→ **INSTRUCTIONS FOR THE TASK**:
Within the listing below, give again exactly the lines between the one containing "Case for Wacom" and the one containing "Funda Asiento Yamaha", inclusive, pictures left aside.

→ **EXTRACTED INFORMATION**:
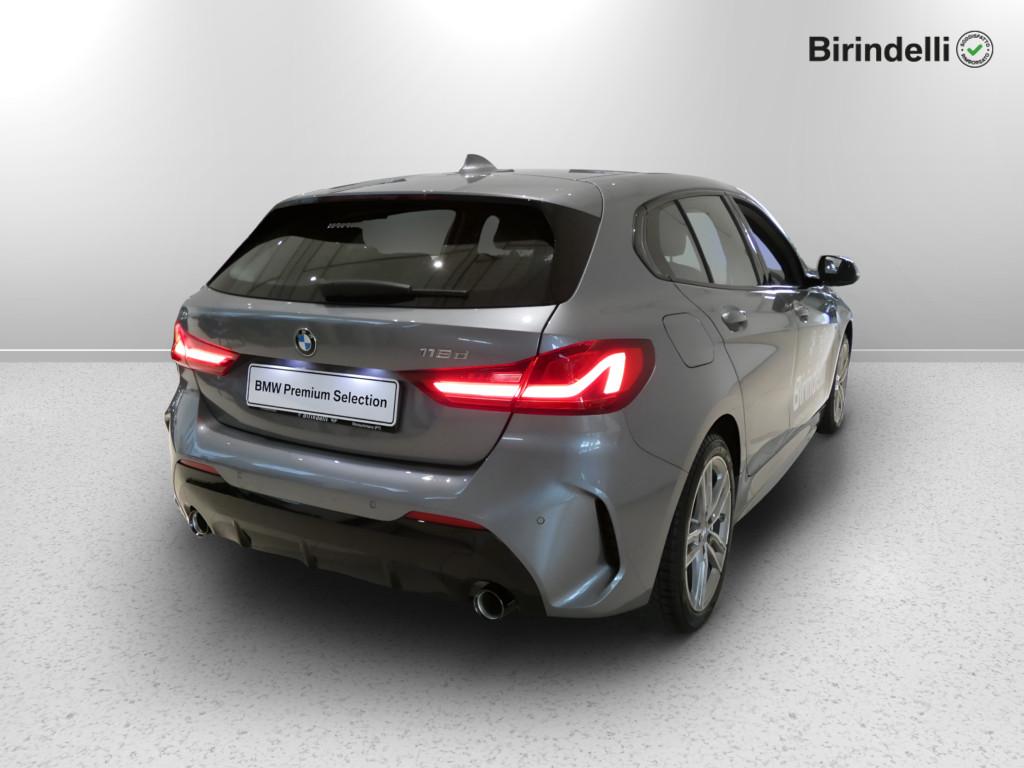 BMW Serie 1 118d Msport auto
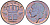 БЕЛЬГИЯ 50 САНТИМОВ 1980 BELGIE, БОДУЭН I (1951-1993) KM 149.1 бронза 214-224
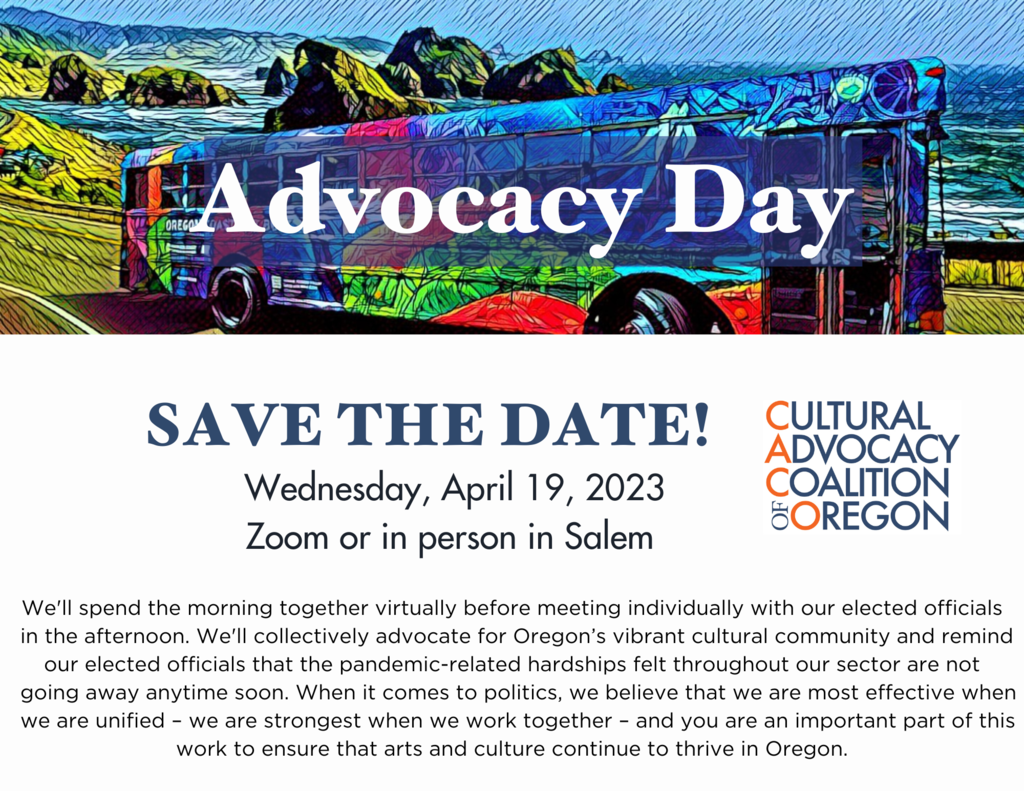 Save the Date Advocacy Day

==

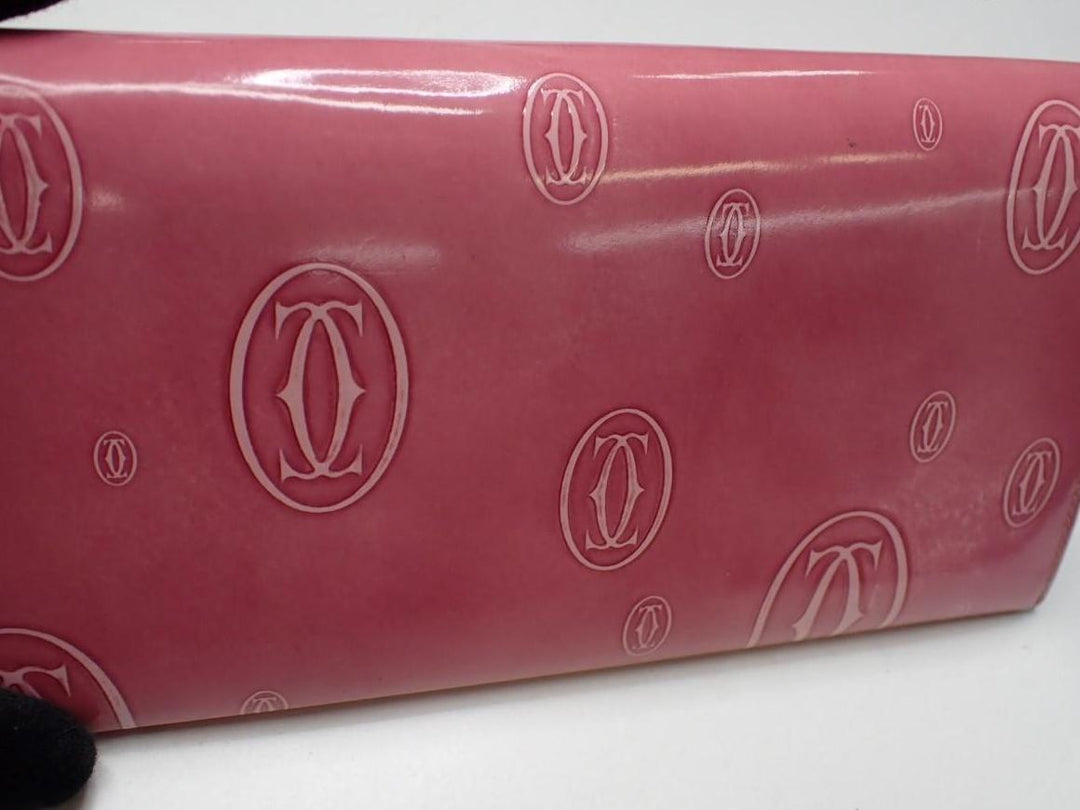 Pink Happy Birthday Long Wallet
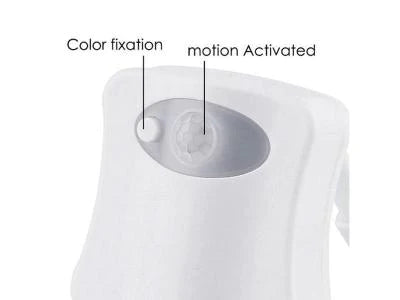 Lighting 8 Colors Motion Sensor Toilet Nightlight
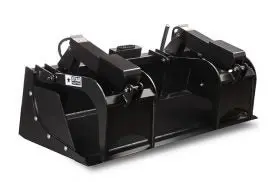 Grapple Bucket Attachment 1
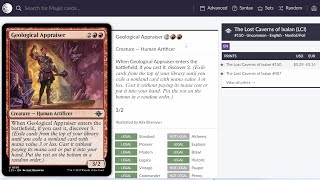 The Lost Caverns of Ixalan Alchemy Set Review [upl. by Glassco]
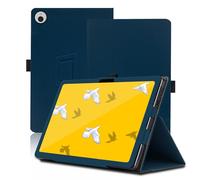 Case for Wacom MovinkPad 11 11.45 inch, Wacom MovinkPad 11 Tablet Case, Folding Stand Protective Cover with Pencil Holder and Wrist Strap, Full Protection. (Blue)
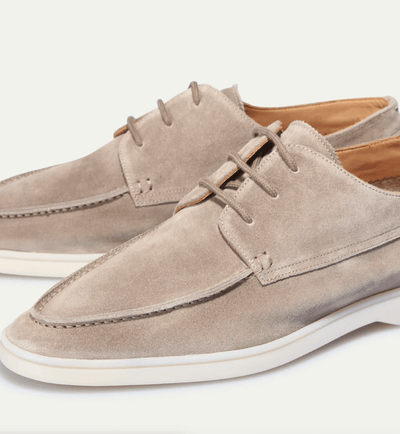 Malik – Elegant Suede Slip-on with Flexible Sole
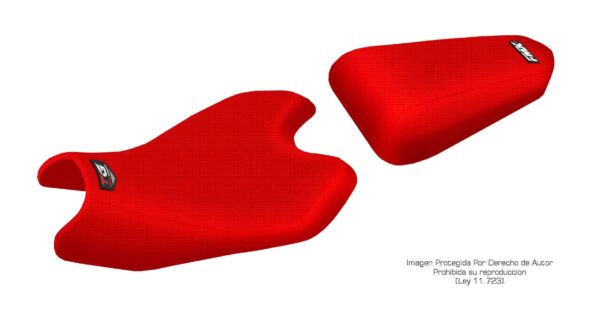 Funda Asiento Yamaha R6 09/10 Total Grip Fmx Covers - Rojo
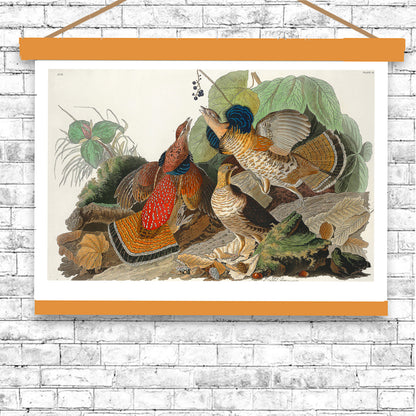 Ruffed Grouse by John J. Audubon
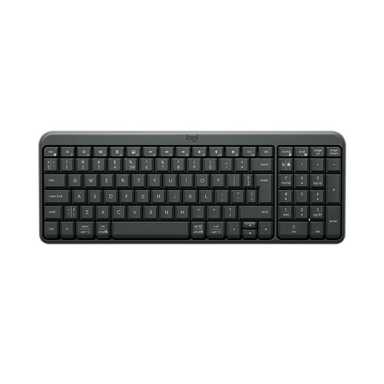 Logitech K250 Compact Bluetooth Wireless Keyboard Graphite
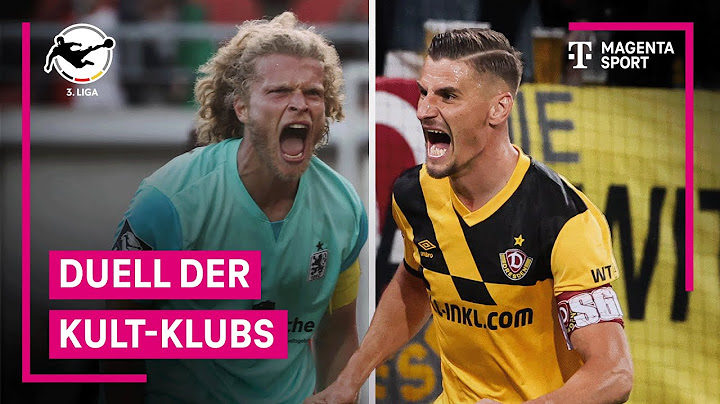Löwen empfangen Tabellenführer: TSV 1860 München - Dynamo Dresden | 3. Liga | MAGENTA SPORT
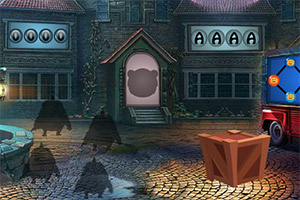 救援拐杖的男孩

→ **ANSWER AREA**:
 Case for Wacom MovinkPad 11 11.45 inch, Wacom MovinkPad 11 Tablet Case, Folding Stand Protective Cover with Pencil Holder and Wrist Strap, Full Protection. (Blue)
 Malik – Elegant Suede Slip-on with Flexible Sole
 Funda Asiento Yamaha R6 09/10 Total Grip Fmx Covers - Rojo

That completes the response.